Required work: Copy every entry exactly as it reads and exclude whatever pictures appear.

Data shown:
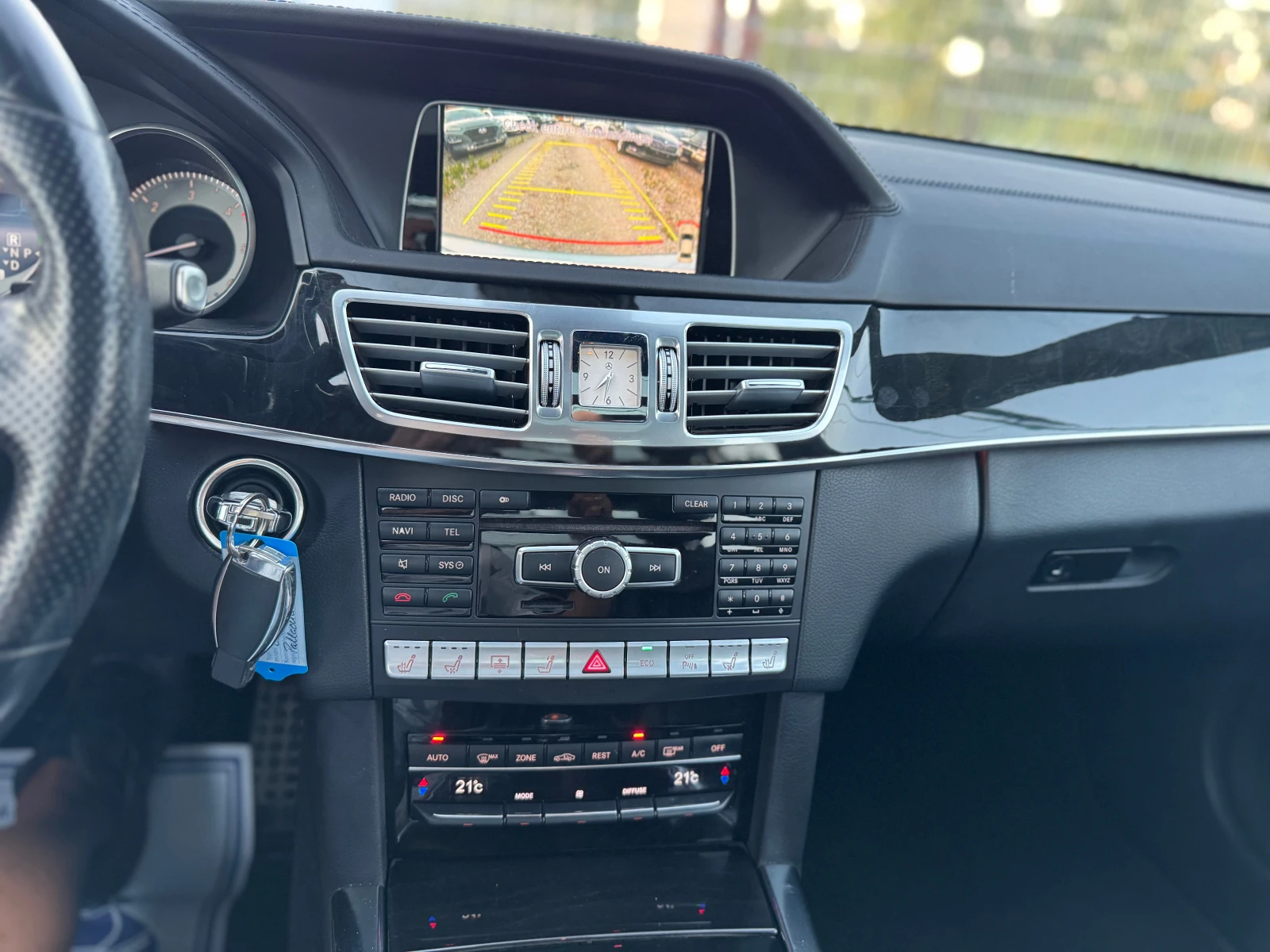 Mercedes-Benz E 350 d* AMG-Line* 4matic* NAVI* LED* PANORAMA, снимка 13 - Автомобили и джипове - 55474914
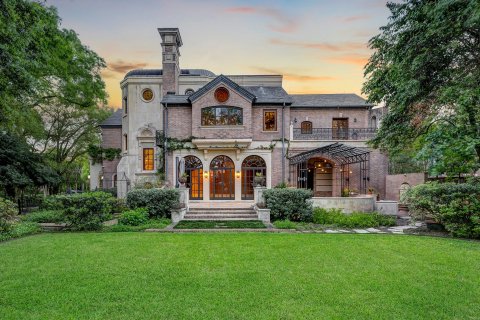 10 Waverly Ct.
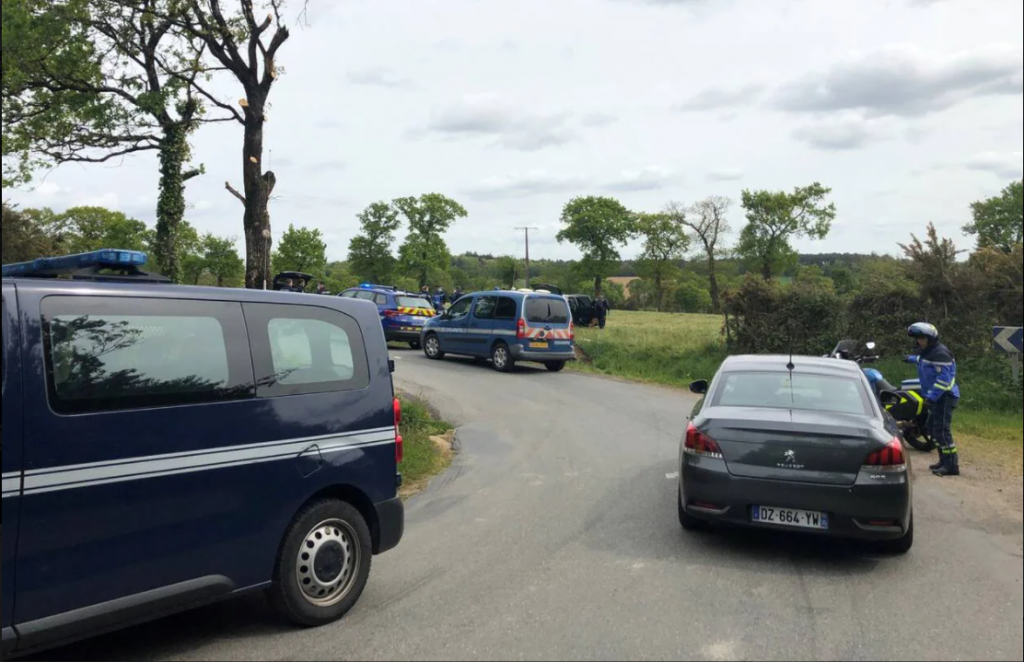 Ce mercredi 5 mai 2021, à 14 h 50, un motard a perdu le contrôle de son véhicule sur la RN166, dans le sens Vannes-Ploërmel (Morbihan). Une voiture a refusé d’obtempérer. Les gendarmes l’ont pris en chasse. La voiture a fini dans un champ.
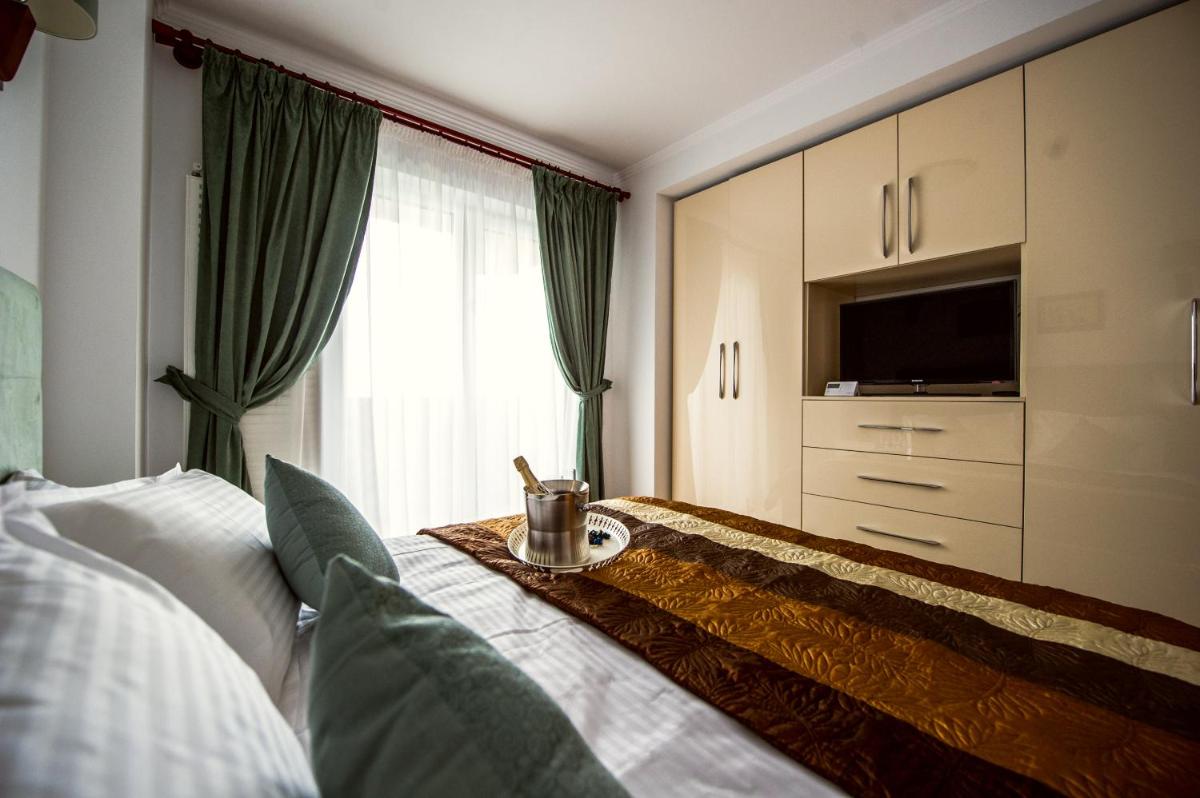Myosotis Mamaia - Housity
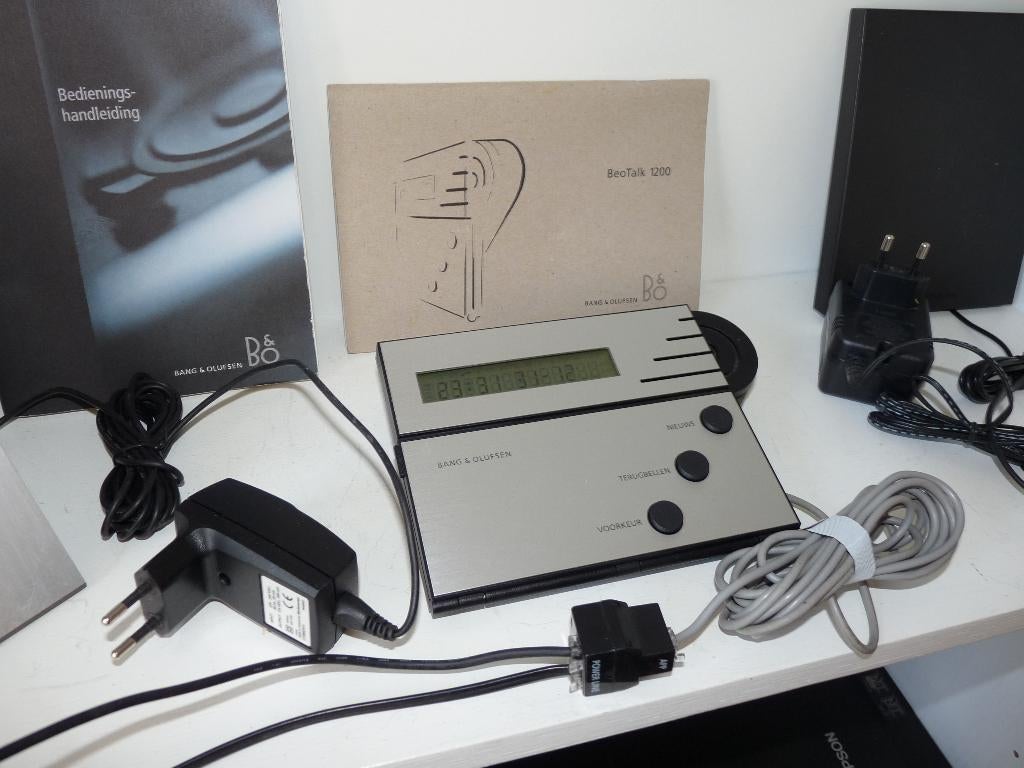 Beocom6000 telefoon plus Beotalk1200 plus Beoline pstn basis, Telecommunicatie, Verzenden, Gebruikt, 1 handset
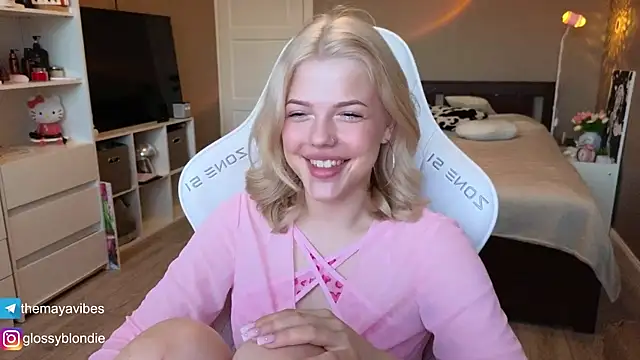 Maya Rave online show from 04-09-26, 03:30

Reply:
 Mercedes-Benz E 350 d* AMG-Line* 4matic* NAVI* LED* PANORAMA, снимка 13 - Автомобили и джипове - 55474914
 10 Waverly Ct.
 Ce mercredi 5 mai 2021, à 14 h 50, un motard a perdu le contrôle de son véhicule sur la RN166, dans le sens Vannes-Ploërmel (Morbihan). Une voiture a refusé d’obtempérer. Les gendarmes l’ont pris en chasse. La voiture a fini dans un champ.
Myosotis Mamaia - Housity
 Beocom6000 telefoon plus Beotalk1200 plus Beoline pstn basis, Telecommunicatie, Verzenden, Gebruikt, 1 handset
 Maya Rave online show from 04-09-26, 03:30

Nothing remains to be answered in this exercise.